◆ TASK TO COMPLETE
Given the records underneath, please repeat exactly the lines from the line with "Monari Fellimitatmantel Regular" through the line with "Magnetic Phone Tripod", passing over any picture.

◆ GIVEN INFORMATION
━━━━━━━━━━━━━━━━━━━━

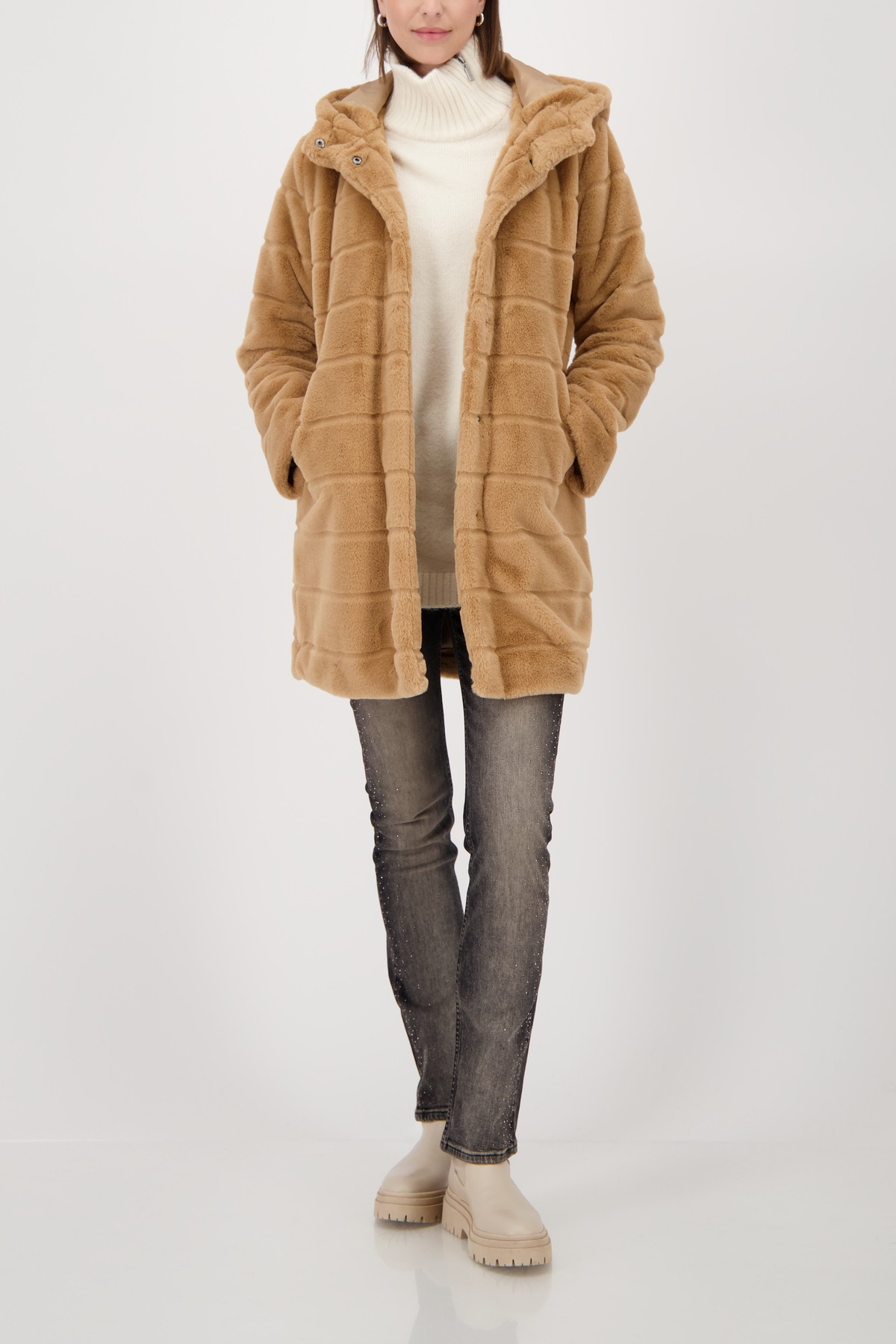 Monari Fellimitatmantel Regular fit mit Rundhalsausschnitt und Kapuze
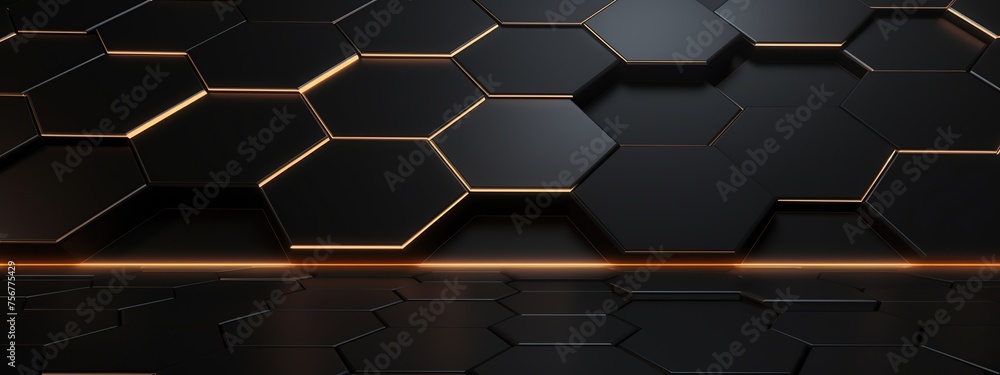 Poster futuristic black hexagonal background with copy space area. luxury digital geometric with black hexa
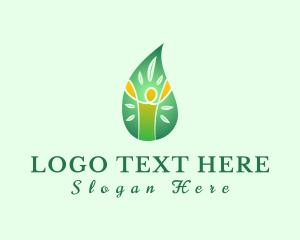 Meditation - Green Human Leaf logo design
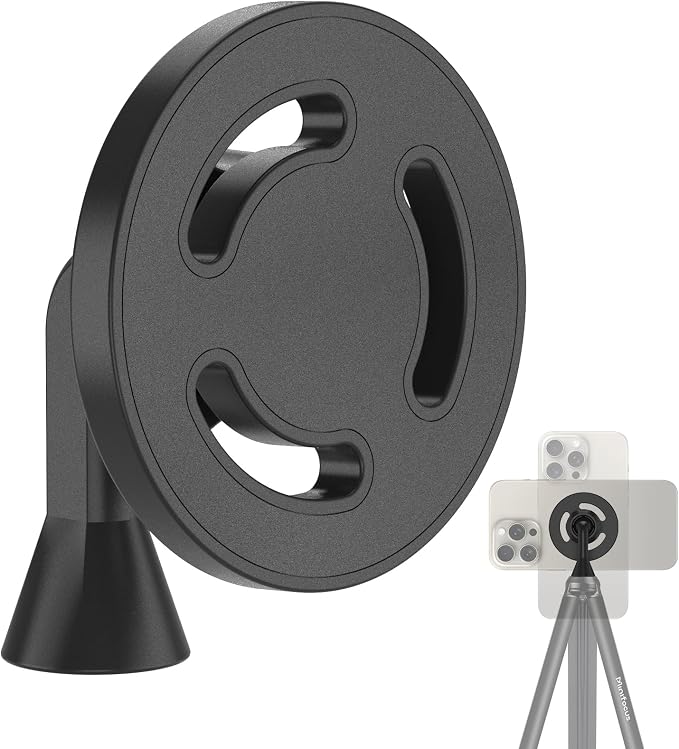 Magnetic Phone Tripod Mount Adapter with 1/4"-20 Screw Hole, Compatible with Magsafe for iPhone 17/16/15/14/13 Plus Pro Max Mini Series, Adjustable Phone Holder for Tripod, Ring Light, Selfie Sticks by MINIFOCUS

━━━━━━━━━━━━━━━━━━━━

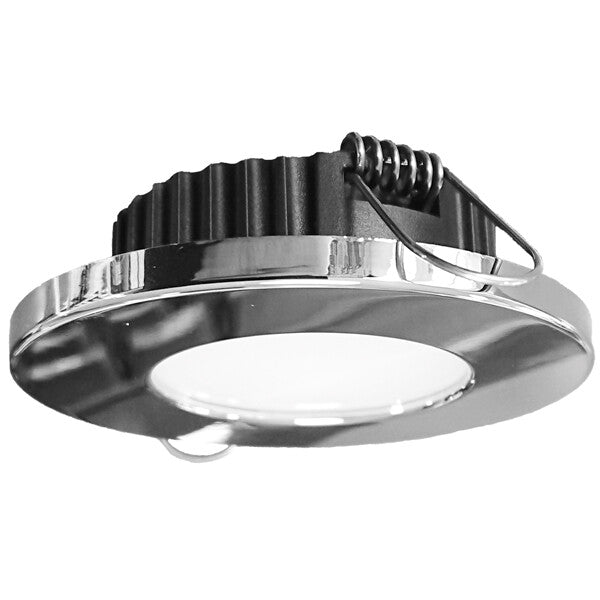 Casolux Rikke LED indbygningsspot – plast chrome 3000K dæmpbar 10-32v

━━━━━━━━━━━━━━━━━━━━

◆ YOUR RESPONSE
 Monari Fellimitatmantel Regular fit mit Rundhalsausschnitt und Kapuze
 Poster futuristic black hexagonal background with copy space area. luxury digital geometric with black hexa
 Meditation - Green Human Leaf logo design
 Magnetic Phone Tripod Mount Adapter with 1/4"-20 Screw Hole, Compatible with Magsafe for iPhone 17/16/15/14/13 Plus Pro Max Mini Series, Adjustable Phone Holder for Tripod, Ring Light, Selfie Sticks by MINIFOCUS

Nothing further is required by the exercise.